Data collection

 

Social networks are everywhere.  You just need to uncover them from the various datasets that are already out there, or from the data your system generates and collects. 

Here we present the various datasets we have collected and used in our research.  By analysing these large datasets we have been able to gain insight into aggregate and longitudinal human behaviour.  In all your own analyses, I urge you to consider retaining the temporal information about the instantiation of links and nodes in your social networks.  In other words, ask yourselves: if the links between nodes are instantiated intermittently, then can a static graph adequately represent the data?


Bluetooth

A big portion of our research relies on Bluetooth scans.  These are sometimes also called mobility traces.  In the Crawdad website you can find a number of such datasets, most of which use WiFi instead of Bluetooth.  We have written software that turns computers into what we call Bluetooth Scanners.  Effectively, each scanner continuously seeks nearby Bluetooth devices and records the time and date when each device was seen (See figure below - left). Using this data, we can recreate the visit history of each device.  In other words, we know when each device came near our scanners (figure below - right).

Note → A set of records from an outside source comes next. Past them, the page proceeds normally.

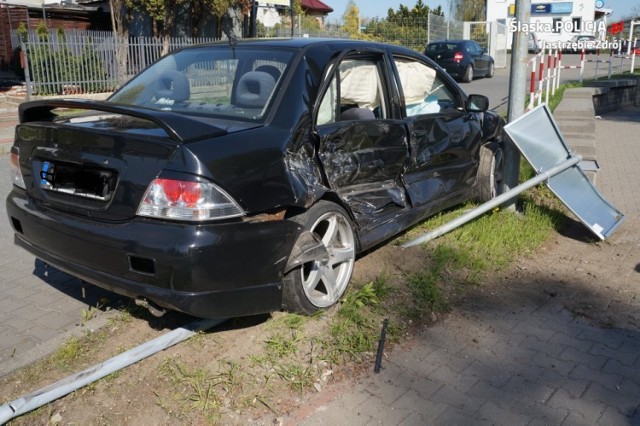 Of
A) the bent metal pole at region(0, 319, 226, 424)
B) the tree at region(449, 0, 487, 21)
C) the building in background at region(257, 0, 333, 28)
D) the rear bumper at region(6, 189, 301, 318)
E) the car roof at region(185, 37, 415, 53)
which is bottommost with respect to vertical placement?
the bent metal pole at region(0, 319, 226, 424)

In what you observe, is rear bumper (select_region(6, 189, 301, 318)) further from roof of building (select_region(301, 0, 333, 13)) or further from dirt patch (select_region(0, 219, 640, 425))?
roof of building (select_region(301, 0, 333, 13))

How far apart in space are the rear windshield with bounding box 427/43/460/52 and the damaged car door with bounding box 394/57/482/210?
20.4 m

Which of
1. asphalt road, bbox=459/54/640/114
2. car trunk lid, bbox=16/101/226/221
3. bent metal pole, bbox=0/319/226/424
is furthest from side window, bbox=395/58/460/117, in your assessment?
asphalt road, bbox=459/54/640/114

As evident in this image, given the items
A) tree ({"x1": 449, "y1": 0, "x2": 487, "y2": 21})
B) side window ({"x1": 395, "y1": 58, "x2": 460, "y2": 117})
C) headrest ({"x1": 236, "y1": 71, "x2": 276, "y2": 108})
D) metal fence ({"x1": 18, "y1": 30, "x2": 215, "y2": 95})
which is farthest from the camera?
tree ({"x1": 449, "y1": 0, "x2": 487, "y2": 21})

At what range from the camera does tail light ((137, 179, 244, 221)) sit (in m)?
3.14

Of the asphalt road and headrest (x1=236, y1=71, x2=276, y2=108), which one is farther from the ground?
headrest (x1=236, y1=71, x2=276, y2=108)

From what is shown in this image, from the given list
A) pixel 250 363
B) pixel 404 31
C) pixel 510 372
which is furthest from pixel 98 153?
pixel 404 31

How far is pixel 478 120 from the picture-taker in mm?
6266

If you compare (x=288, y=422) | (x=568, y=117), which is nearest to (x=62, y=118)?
(x=288, y=422)

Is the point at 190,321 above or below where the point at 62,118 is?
below

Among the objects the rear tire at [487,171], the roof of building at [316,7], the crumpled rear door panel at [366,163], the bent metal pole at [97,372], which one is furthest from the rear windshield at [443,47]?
the bent metal pole at [97,372]

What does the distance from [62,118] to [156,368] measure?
1580 millimetres

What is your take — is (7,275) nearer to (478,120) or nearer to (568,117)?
(478,120)

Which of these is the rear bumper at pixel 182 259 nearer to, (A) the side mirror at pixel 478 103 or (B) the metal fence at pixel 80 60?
(A) the side mirror at pixel 478 103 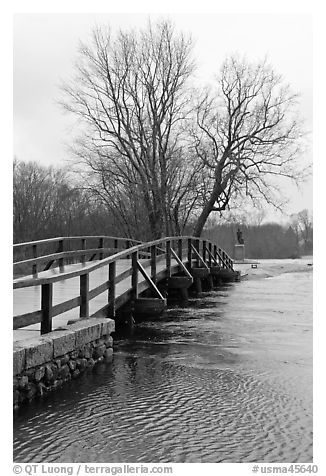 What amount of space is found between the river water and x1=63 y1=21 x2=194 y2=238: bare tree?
15643mm

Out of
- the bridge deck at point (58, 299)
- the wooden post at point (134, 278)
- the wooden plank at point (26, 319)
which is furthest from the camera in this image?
the wooden post at point (134, 278)

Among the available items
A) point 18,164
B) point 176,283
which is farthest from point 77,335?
point 176,283

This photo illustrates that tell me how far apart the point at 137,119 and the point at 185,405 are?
69.1 ft

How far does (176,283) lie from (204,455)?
9211 mm

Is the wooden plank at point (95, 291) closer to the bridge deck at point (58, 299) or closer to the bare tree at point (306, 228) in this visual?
the bridge deck at point (58, 299)

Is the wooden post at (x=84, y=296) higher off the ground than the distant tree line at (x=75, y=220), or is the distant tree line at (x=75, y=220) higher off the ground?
the distant tree line at (x=75, y=220)

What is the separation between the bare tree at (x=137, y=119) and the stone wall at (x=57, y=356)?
57.0ft

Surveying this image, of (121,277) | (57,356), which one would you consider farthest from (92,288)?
(57,356)

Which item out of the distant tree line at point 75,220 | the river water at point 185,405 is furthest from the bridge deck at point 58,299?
the distant tree line at point 75,220

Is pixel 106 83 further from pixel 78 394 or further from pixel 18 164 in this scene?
pixel 78 394

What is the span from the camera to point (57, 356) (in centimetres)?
606

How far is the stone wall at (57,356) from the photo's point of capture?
5430mm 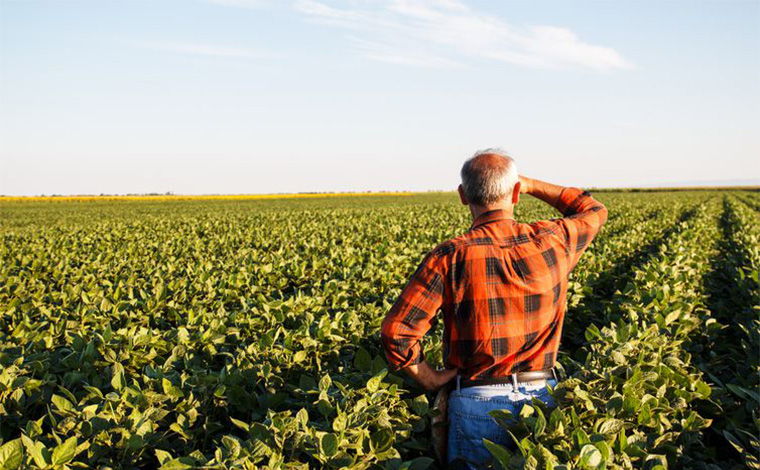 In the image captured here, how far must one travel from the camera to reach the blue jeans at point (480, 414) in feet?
8.07

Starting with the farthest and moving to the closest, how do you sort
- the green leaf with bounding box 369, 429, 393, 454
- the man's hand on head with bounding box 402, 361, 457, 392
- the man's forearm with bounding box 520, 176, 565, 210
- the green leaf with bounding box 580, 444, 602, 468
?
the man's forearm with bounding box 520, 176, 565, 210 < the man's hand on head with bounding box 402, 361, 457, 392 < the green leaf with bounding box 369, 429, 393, 454 < the green leaf with bounding box 580, 444, 602, 468

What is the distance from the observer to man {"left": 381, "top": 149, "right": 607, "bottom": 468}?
236 centimetres

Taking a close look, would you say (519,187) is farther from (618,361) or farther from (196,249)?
(196,249)

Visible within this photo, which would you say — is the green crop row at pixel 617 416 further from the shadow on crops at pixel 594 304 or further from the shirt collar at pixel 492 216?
the shirt collar at pixel 492 216

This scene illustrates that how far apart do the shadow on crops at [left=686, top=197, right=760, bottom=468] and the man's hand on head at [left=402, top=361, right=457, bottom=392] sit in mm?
1535

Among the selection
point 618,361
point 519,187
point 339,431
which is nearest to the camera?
point 339,431

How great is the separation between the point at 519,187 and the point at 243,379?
7.10ft

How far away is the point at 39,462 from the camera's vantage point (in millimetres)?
2074

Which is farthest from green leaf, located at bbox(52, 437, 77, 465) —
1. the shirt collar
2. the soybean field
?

From this data we are able to extract social networks using the following procedure:  each device is represented as a node, and we link together devices that have encountered each other.  In other words, we link devices that have been co-present near one of our scanners.  For example, in the figure below we have linked together those devices that encountered each other.



The deployment of these scanners, and their positioning in physical space is crucial in determining the kinds of data generated.  We draw on Space Syntax theory to help us differentiate between at least two modes of capturing data: gatecounts and static snapshots.

Gatecounts are used to establish the flows of people at sampled locations within the city over the course of a day.  A gate is a conceptual line across a street, and gatecounts entail counting the number of people crossing that line.  The scanner is positioned on or near the street and counts the number of people crossing the gate in either direction (without being able to tell which direction).

With static snapshots the open spaces of the city are considered in detail.  These spaces may be external, such as a plaza, or internal, such as a café.  The method can be used for recording both stationary and moving activities, and is useful when a direct comparison is being made between the two types of space use.  This method makes apparent the relationships between different types of space use in an urban area.  For each open space under consideration, the scanner records the movements in and out of the space.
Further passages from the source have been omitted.